*** Data to process Section Begins ***
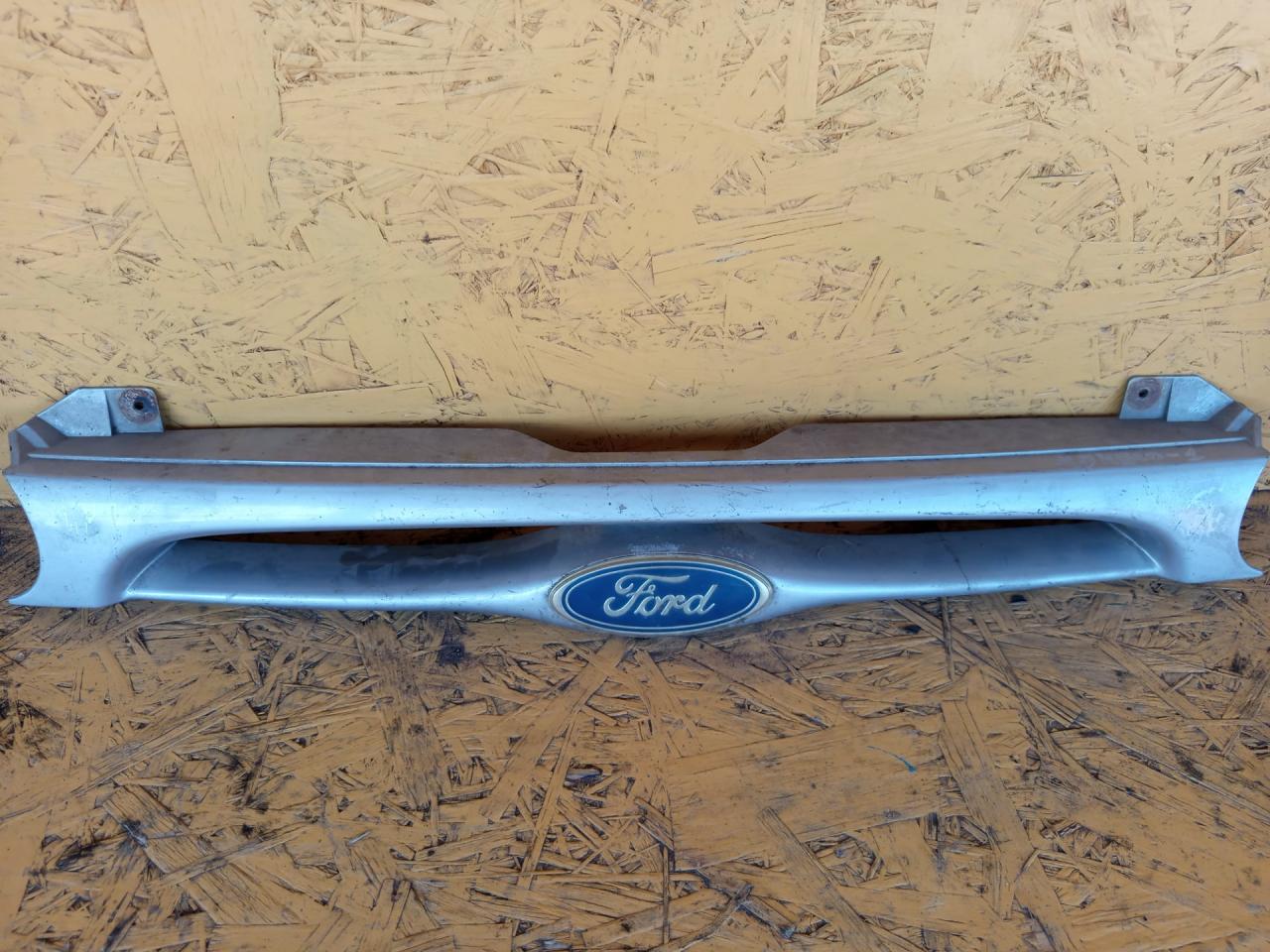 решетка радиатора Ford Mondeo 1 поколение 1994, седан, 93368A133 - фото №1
*** Data to process Section Ends ***
*** Data to process Section Begins ***
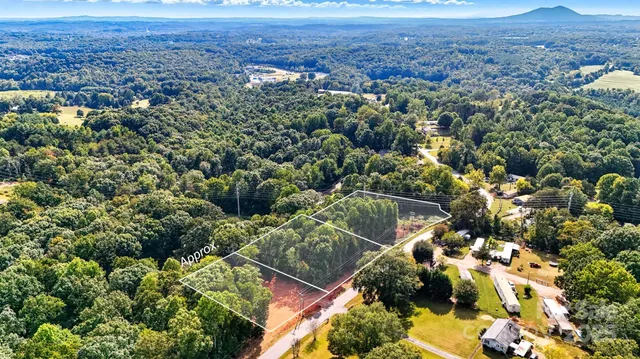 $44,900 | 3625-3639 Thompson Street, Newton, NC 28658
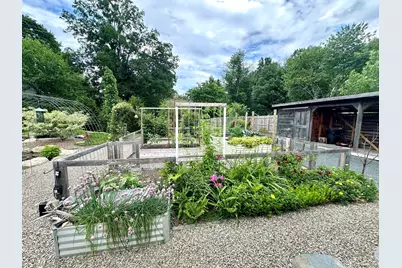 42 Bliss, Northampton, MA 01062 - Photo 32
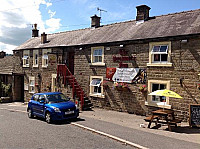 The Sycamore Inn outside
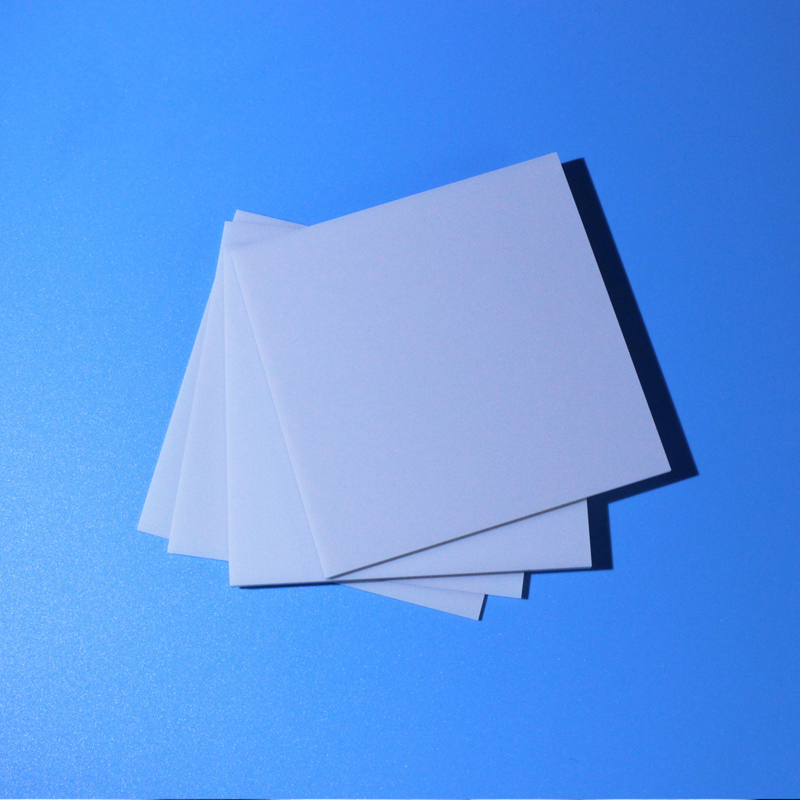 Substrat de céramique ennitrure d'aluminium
*** Data to process Section Ends ***
* [Try it]: Extract the part of the records that opens with the line containing "The Sycamore Inn outside" and closes with the line containing "Substrat de céramique ennitrure d'aluminium". Take only those lines, exactly, and no pictures.

* [Response below]:
 The Sycamore Inn outside
 Substrat de céramique ennitrure d'aluminium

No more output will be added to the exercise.